AI Screening Tool for Suicide Prevention

AI Screening Tool for Suicide Prevention
Model demonstrates high predictive value for suicidal ideation and suicidal self-harm.

Suicide rates continue to increase in the U.S., climbing 33 percent from 1999 to 2017, and the pandemic has exacerbated contributing factors. To Colin Walsh, M.D., an assistant professor of biomedical informatics, medicine and psychiatry at Vanderbilt University Medical Center, this elevates the importance of tools for predicting who is most at risk.

Walsh is lead author of a study on the use of artificial intelligence (AI)-based, natural language analysis of EHRs to shed light on suicidal ideation and attempted suicide. In related work, Walsh’s team is also using biorepository samples to explore the genetic underpinnings of suicide risk.

“Our model carves out an at-risk subgroup that is small enough to reasonably merit face-to-face discussions with these patients.”

“Walsh and his team have shown how to stress test and adapt an AI predictive model in an operational EHR, paving the way to real-world testing of decision support interventions,” said the new study’s senior author, William Stead, M.D., a professor of biomedical informatics at Vanderbilt.

Retrospective Risk Validation

Using deidentified adult EHR records, the team originally validated their model using clinical data which helped test the predictive value of specific risk factors. “Our model carves out an at-risk subgroup that is small enough to reasonably merit face-to-face discussions with these patients,” Walsh said.

The algorithm has also been adapted to identify suicide risk broadly across two biobanks – Vanderbilt’s biorepository (BioVU), and U.K. Biobank – to assign risk scores to thousands of genotyped patients. By combining these with genomewide association and polygenic risk scoring, Walsh and fellow researchers found a high correlation – in the 70 to 100 percent range – between attempted suicide and suicide attempt probability.

These prior studies established that significant heritability for suicide attempt risk might be measured using genotype data and indicated that their predictive algorithm would perform well in new settings, Walsh explained.

Validation of Prospective Predictions

The new validation study reports on the model’s success when used prospectively in real time, in real-world clinical systems where risk would be triggered operationally through an EHR. “We asked, how well does this EHR-based suicide risk model perform in the clinical setting, and is performance generalizable?” Walsh said.

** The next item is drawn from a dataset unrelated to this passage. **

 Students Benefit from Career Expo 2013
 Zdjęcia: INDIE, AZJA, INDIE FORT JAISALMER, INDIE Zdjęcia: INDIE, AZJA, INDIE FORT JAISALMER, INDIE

The team studied an adult cohort of 77,973 in-hospital, ED and ambulatory surgery patients at Vanderbilt from June 2019 to April 2020. Predictors from the EHR included data on demographics, diagnoses, medication, past health care utilization and ZIP code.

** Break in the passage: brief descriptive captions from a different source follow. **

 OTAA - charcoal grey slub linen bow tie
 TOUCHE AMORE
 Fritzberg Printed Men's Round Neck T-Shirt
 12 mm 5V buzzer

EHR-based predictions were prompted by the start of routine clinical visits. In the 30 days following the encounter, there were 129 suicide attempts across 85 individuals. The predictive model determined that in the top quantile, one in 23 patients identified as at-risk for suicide ideation returned for related visit, and one in 271 made a suicide attempt. “This result is out of a database of 77,973 patients. It dramatically narrows attention down to a feasible number for careful in-person screening,” Walsh said.

A Practical Screening Approach 

In-person mental health screening takes time and attention. “It’s not possible or necessary to screen every patient at VUMC for suicidality. For example, talking to the patients our model identified as lowest risk would have required an average of 50 clinician hours a month,” Walsh said.

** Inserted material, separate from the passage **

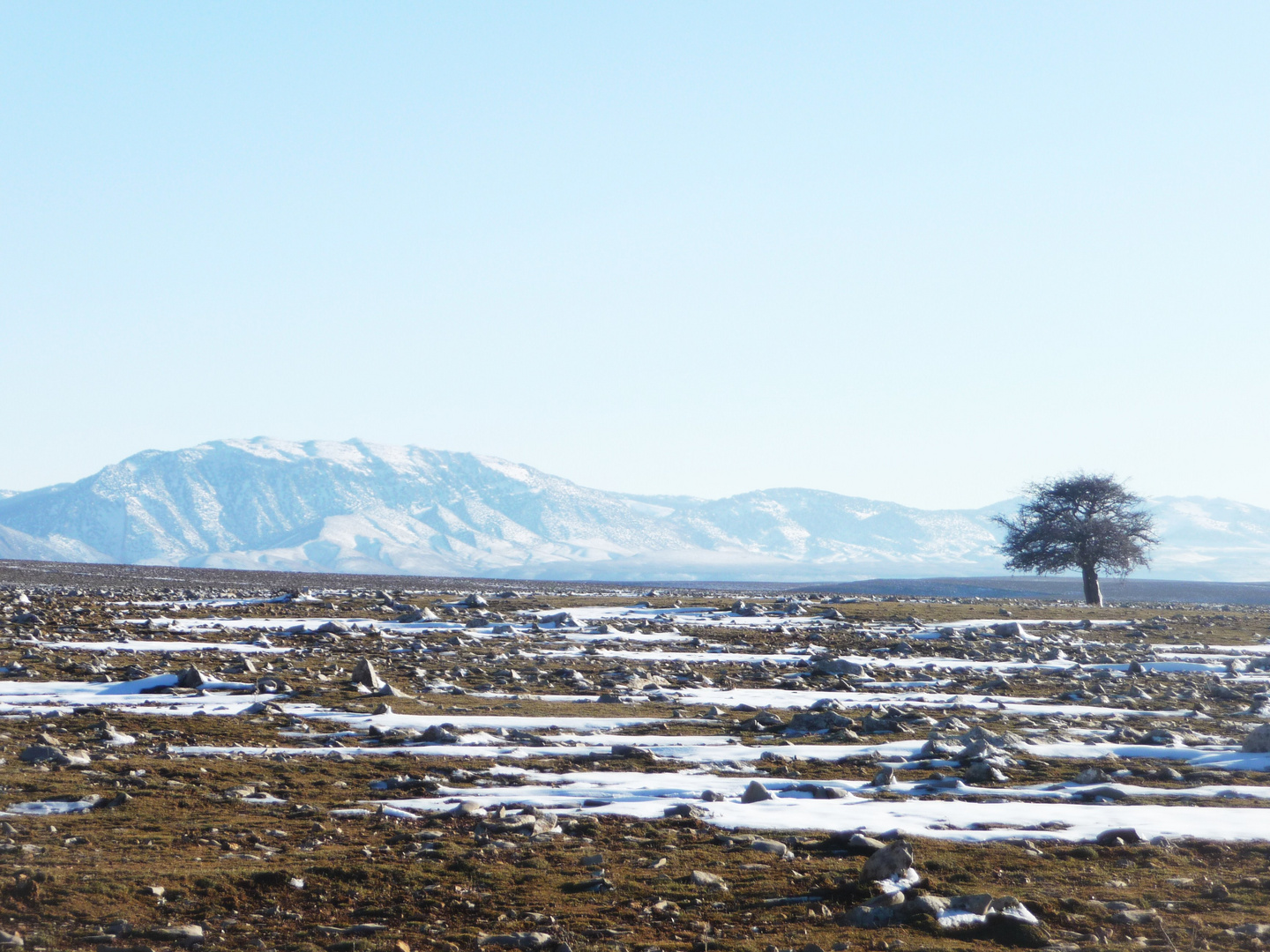 les Montagnes du Maroc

“We asked, how well does this EHR-based suicide risk model perform in the clinical setting, and is performance generalizable?”

While this initiative promotes useful discussions, Walsh says there are caveats. “No one wants an automated risk screen to result in stigma or patients having ‘a flag’ on their record,” he said. “‘Higher risk’ does not equate to ‘suicidal,’ and we always defer to our patients’ and providers’ judgment over an algorithm. We are working carefully with our clinician partners on how we educate and address conversations prompted by tools like this one.”

Pairing Data with Strategies

The next step for the team is careful pairing of the data with low-cost, low-harm preventative strategies. “This study will be a pragmatic trial of the algorithm’s effectiveness in preventing future suicidality,” Walsh said.

While the current model has been validated for non-psychiatric specialty settings in a large clinical system, Walsh is in active conversations with clinical partners about expanding the AI model and training it using other patient populations. “The model has already been replicated for adolescent populations, and pediatrics applications are coming up more and more,” he said.